TANE´TUM
TANE´TUM or
TANNE´TUM (
Τάνητον, Ptol.: Eth.
Tanetanus, Plin.: S. Ilario), a small town of Gallia Cispadana, on the Via Aemilia, between Regium Lepidum and Parma, and distant 10 miles from the former and 8 from the latter city. (
Itin. Ant. p. 287;
Itin. Hier. p. 616;
Tab. Peut.) It is mentioned in history before the Roman conquest of this part of Italy, as a Gaulish village, to which the praetor L. Manlius retired after his defeat by the Boii in B.C. 218, and where he was surrounded and besieged by that people. (Pol. 3.40;
Liv. 21.25.) Its name is not again noticed in history, but it is mentioned both by Pliny and Ptolemy as a municipal town of Gallia Cispadana, though it appears to have never risen to be a place of importance. (
Plin. Nat. 3.15. s. 20;
Ptol. 3.1.46; Phlegon,
Macrob. 1.) Livy calls the Gaulish town “vicus Pado propinquus,” an expression which would lead to an erroneous idea of its position; for we learn from the Itineraries that it certainly stood on the Via Aemilia, at a distance of more than 10 miles from the Padus.

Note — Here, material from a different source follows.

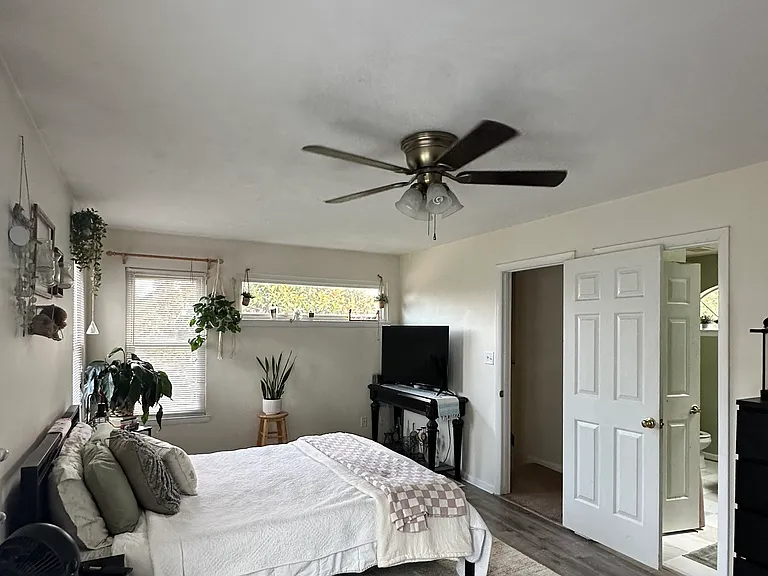Third Floor Bedroom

The site is still occupied by a large village, which is now called, from the name of its principal church,
Sant‘ Ilario; but a hamlet or village about half a mile to the N. still retains the name of
Taneto. It is distant about 2 miles from the river
Enza, the Nicia of Pliny (
3.16. s. 20), which flows into the
Po, about 12 miles from the point where it crosses the Aemilian Way.